I have already planted some geranium cuttings in the courtyard and roses are beginning to bloom on our doorstep, just like at home. I will write and tell you lots more in my next letter. Meanwhile, be good, I think of you every day.
With love and kisses,
Your loving Mother xxxxx
P.S. I hope the bees are working hard - don’t forget to collect the honey.
Anna read the letter over and over again before walking slowly home. She knew she would be in trouble. From that day on, Eleni wrote separate letters to the two girls.
Giorgis visited the island much more regularly now than before and his meetings with Eleni were his oxygen. He lived for those moments when she would appear through the archway in the wall. Sometimes they would sit on the stone mooring posts; at other times they would remain standing in the shade of the pines that grew, as if for the purpose, out of the dry earth. Giorgis would tell her how the girls were, what they had been doing, and would confide in her about Anna’s behaviour.
‘Sometimes it’s as though she has the devil in her,’ said Giorgis one day as they sat talking. ‘She doesn’t seem to get any easier with time.’
‘Well, it’s just as well that Maria isn’t the same,’ replied Eleni.
‘That’s probably why Anna is so disobedient half the time, because Maria doesn’t seem to have a wicked bone in her body,’ reflected Giorgis. ‘And I thought tantrums were meant to be something children grew out of.’
‘I’m sorry to leave you with such a burden, Giorgis, I really am,’ sighed Eleni, knowing that she would give anything to be facing the daily battle of wills involved in bringing Anna up instead of being stuck here on this island.
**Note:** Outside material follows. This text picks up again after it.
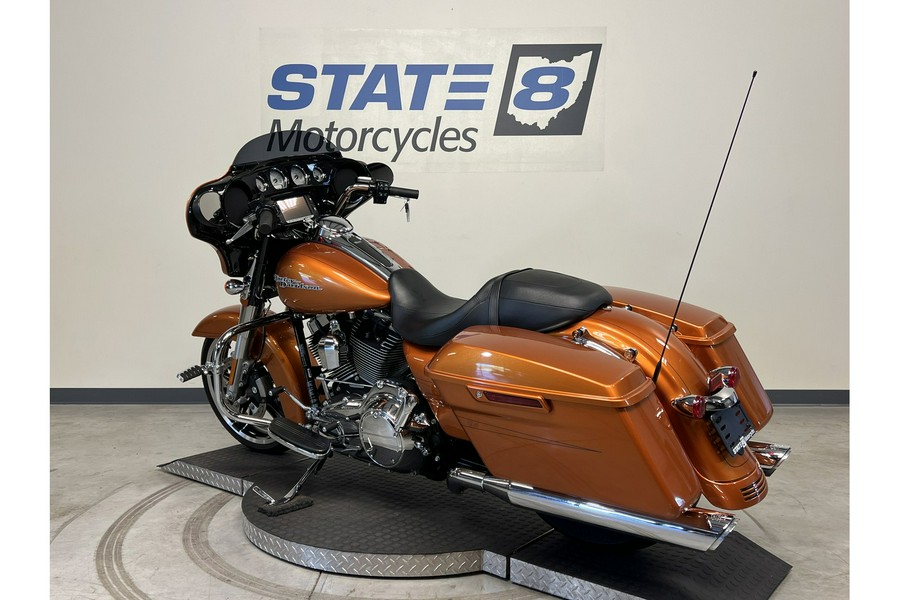 2014 Harley-Davidson® Street Glide® Special FLHXS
Giorgis was not even forty when Eleni left, but he was already stooped with anxiety, and over the next few months he was to age beyond recognition. His hair turned from olive black to the silvery grey of the eucalyptus, and people seemed always to refer to him as ‘Poor Giorgis’. It became his name.
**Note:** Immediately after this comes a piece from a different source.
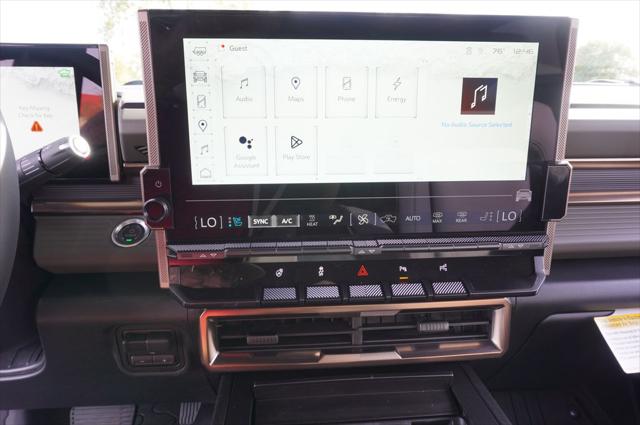 2025 GMC HUMMER EV 3X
Savina Angelopoulos did as much as she was able, whilst managing her own home too. On still, moonless nights, knowing that there could be a rich catch, Giorgis would want to fish, and it became a regular event for Maria and Fotini to sleep, top to tail, in the latter’s narrow bed, with Anna on the floor next to them, two thick blankets for her mattress. Maria and Anna also found they were eating more meals at the Angelopoulos home than their own, and it was as if Fotini’s own family had suddenly grown and she had the sisters she had always wanted. On those nights there would be eight at the table: Fotini and her two brothers, Antonis and Angelos, her parents, and Giorgis, Anna and Maria. Some days, if she had the time, Savina would try to teach Anna and Maria how to keep their house tidy, how to beat a carpet and how to make up a bed, but quite often she woul
d end up doing it all for them. They were just children, and Anna for one had no interest in anything domestic. Why should she learn to patch a sheet, gut a fish or bake a loaf? She was determined that she would never need such skills and from an early age had a powerful urge to escape and get away from what she regarded as pointless domestic drudgery.